その間、執刀医の先生や麻酔医の先生たちはスタンバイしてくれていたようです。
午後2時30分ごろ、妻が到着し、循環器の先生の説明を聞いたところ、
「大動脈が心臓のすぐ上から、足の付け根まで裂けている。裂けているところを人工血管にする」ということでした。
私「手術しないで、安静にして温存する。というような選択肢はありませんか」
先生「いつとは言えないけど、100%この病気で死ぬ(もはやそおゆうレベルではない)」
私「この手術は、日本で何例目というような手術でしょうか」
先生「それほど、珍しい手術ではない(経験がある)」
話を聞いていたところ、執刀医の先生はそれなりに自信がありそうだったので、
「わかりました。お任せしますので、よろしくお願いします」ということにしました。
すぐに、ベットごと手術室に移動しました。
横を歩いていた先生に、
「まさか自分が人工心肺を使うことになるとは思いませんでした」と言うと
「でも、人工心肺の存在は知っていた?」
「まあ、マンガや小説に出てくるので」と答えましたが、実は最近の医療マンガは整合性を重視するので、人工心肺のリスクなんかもちゃんと書いているんですよ。というのは心の中で言いました。

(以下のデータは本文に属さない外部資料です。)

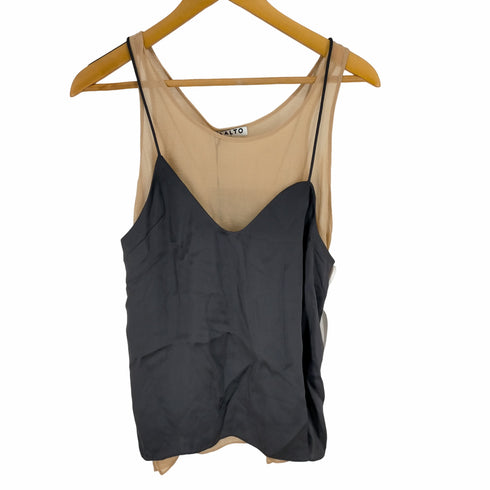 アールト AALTO 18SS TWO LAYERS TOP レーヨン/シルク レイヤードキャミ レディース FR:36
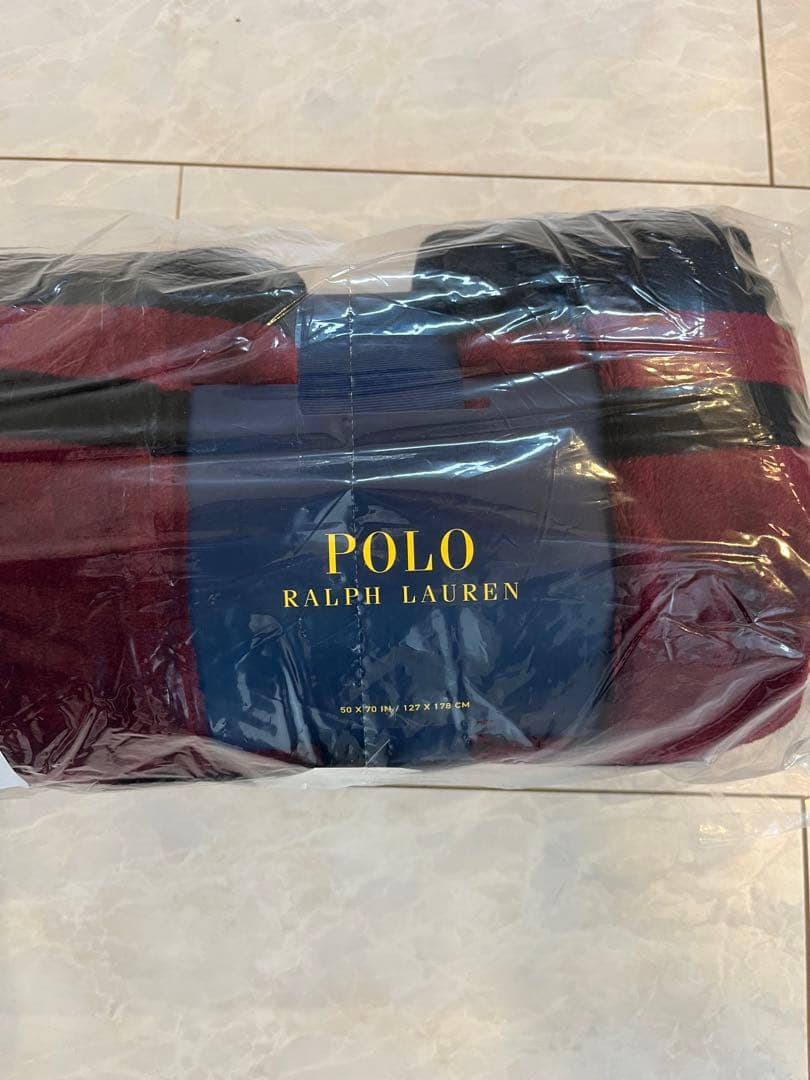 ラルフローレン　ホリデーポロベアスローブランケット新品未開封三越購入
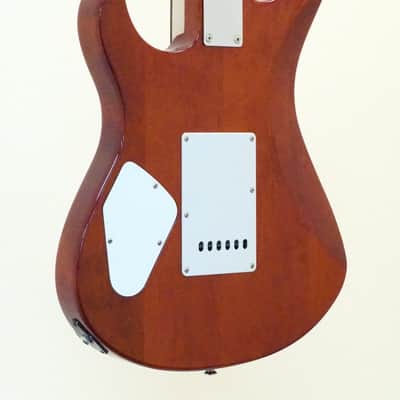 Yamaha PAC212VFM-CB Pacifica Flamed Maple Caramel Brown image 6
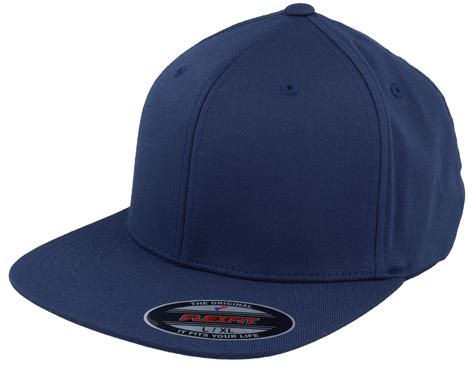 Flat Brim Navy Fitted Flexfit Cap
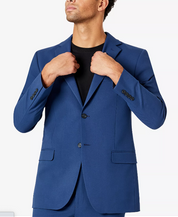 DKNY Mens Modern fit Suit Jacket Blazer 36 R Blue Solid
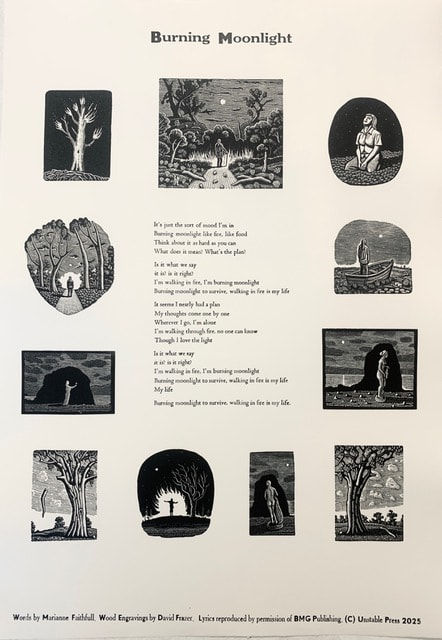 David Frazer, Burning Moonlight Broadsheet, 2025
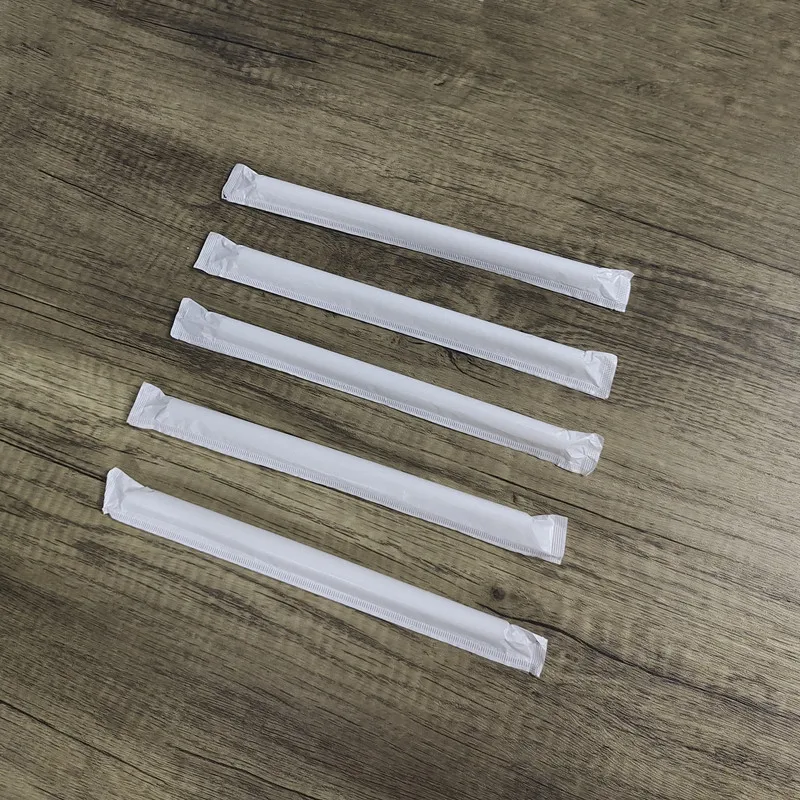 Amazon hot sells 100% Biodegradable Eco-friendly PLA Straw For Drinking Juice bubble tea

そして、2日間で3度目の全身麻酔です。もちろん、手術中のことは何もわからず、目が覚めてみれば、またICUのベットの上です。妻と娘と東京在住の親戚が来てくれていました。時間は午前1時過ぎです。
それからは朦朧として、しばらく記憶はあいまいになります。
ある程度意識がはっきりしてから自覚できたのですが、喉と鼻にチューブが入っているので話すことができません。もちろん、飲水、飲食一切できません。おしっこは管でタンクに貯められ、体のあちこちに管が刺さって血液やらなんやらを排出しています。
両腕には点滴の針が刺さって、数種類の点滴がぽたぽた落ちています。
足にはフットポンプという装置が取り付けられて、血栓の予防をしています。
こうして、手術は無事に終わり、ICUでの入院生活になるのですが、なかなか稀有な体験でした。